WHAT IS BEING ASKED
All pictures are to be dropped, and everything else in the data duplicated exactly.

DATA SEGMENT

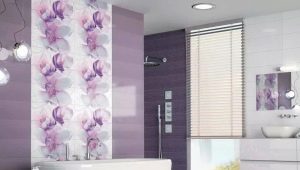 Csempézett fürdőszoba kialakítás orchideákkal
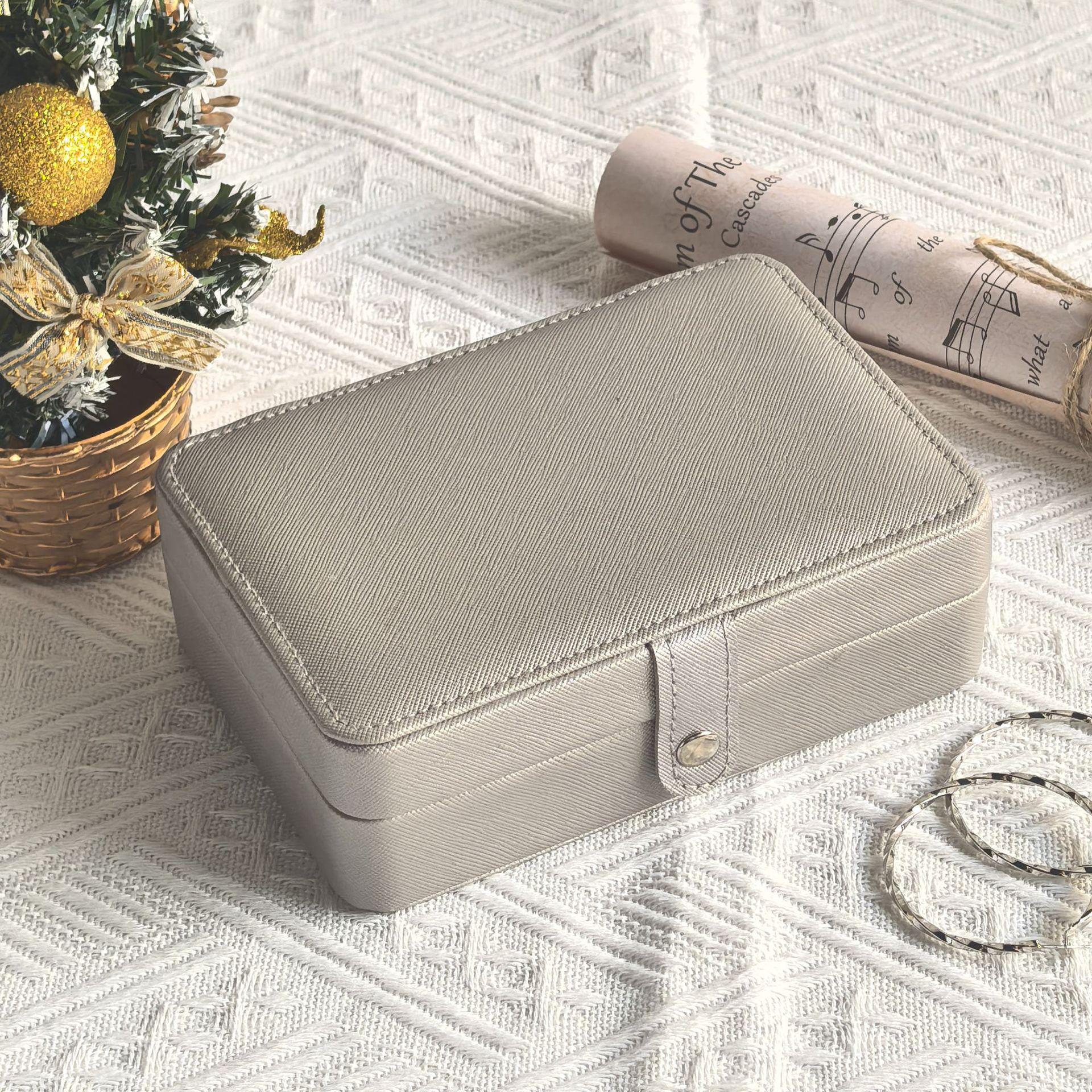 

Водонепроницаемая двухслойная портативная шкатулка для хранения ювелирных изделий 16*11*5.5cm серебряный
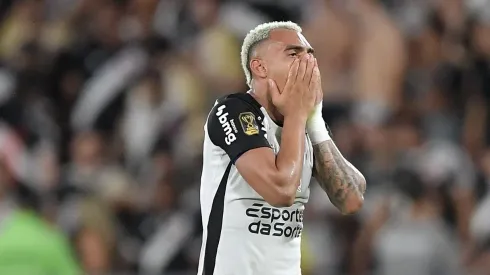 RJ – RIO DE JANEIRO – 21/12/2025 – COPA DO BRASIL 2025, VASCO X CORINTHIANS – Matheuzinho jogador do Corinthians comemora vitoria ao final da partida contra o Vasco no estadio Maracana pelo campeonato Copa Do Brasil 2025. Foto: Thiago Ribeiro/AGIF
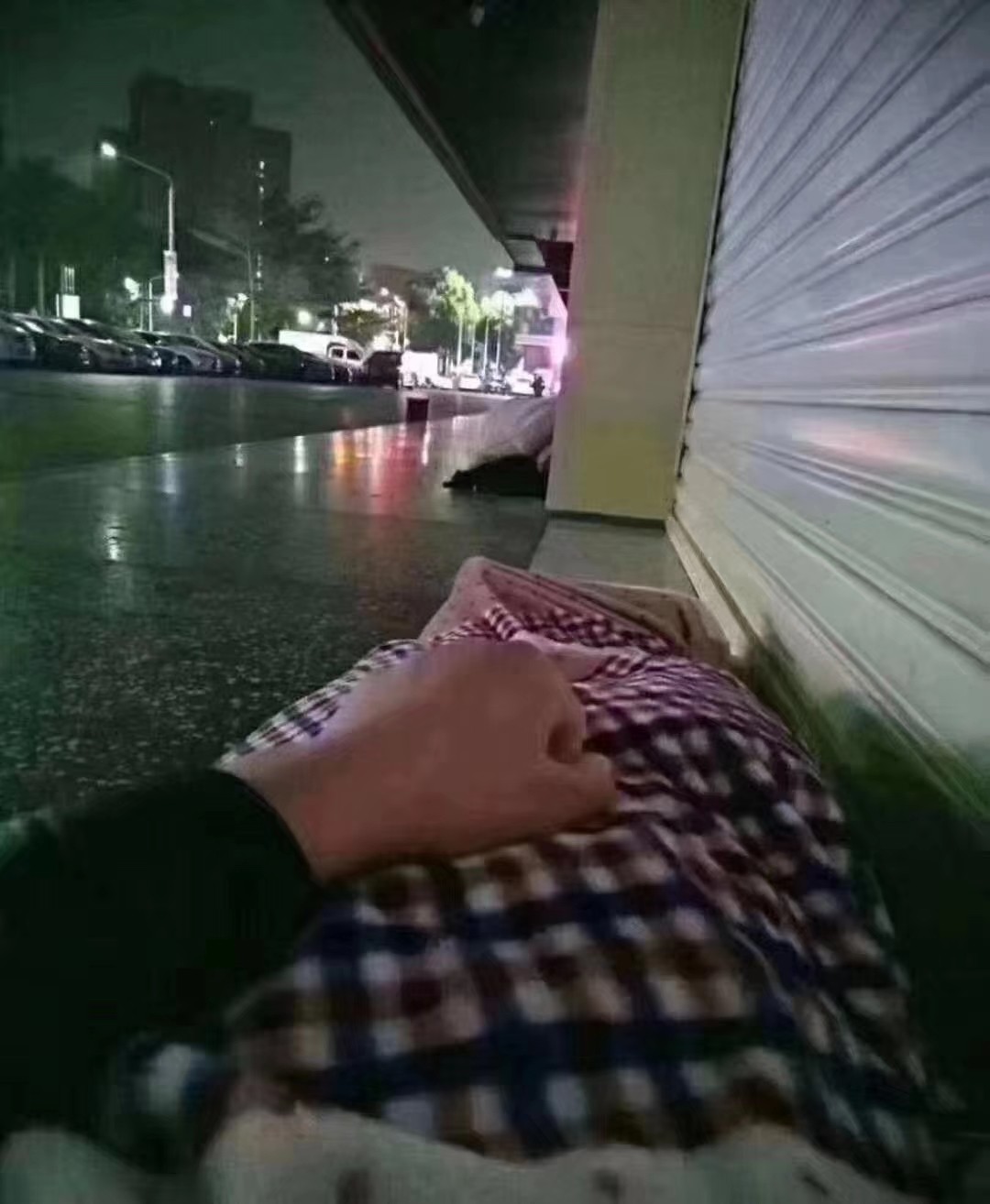谢谢各位老哥小姐姐的关心。谢谢各位老哥小姐姐的关心，已经好多了，还是自己36 / 作者:么JJ摸摸头 /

REPLY TO THE TASK
 Csempézett fürdőszoba kialakítás orchideákkal

Водонепроницаемая двухслойная портативная шкатулка для хранения ювелирных изделий 16*11*5.5cm серебряный
 RJ – RIO DE JANEIRO – 21/12/2025 – COPA DO BRASIL 2025, VASCO X CORINTHIANS – Matheuzinho jogador do Corinthians comemora vitoria ao final da partida contra o Vasco no estadio Maracana pelo campeonato Copa Do Brasil 2025. Foto: Thiago Ribeiro/AGIF
谢谢各位老哥小姐姐的关心。谢谢各位老哥小姐姐的关心，已经好多了，还是自己36 / 作者:么JJ摸摸头 /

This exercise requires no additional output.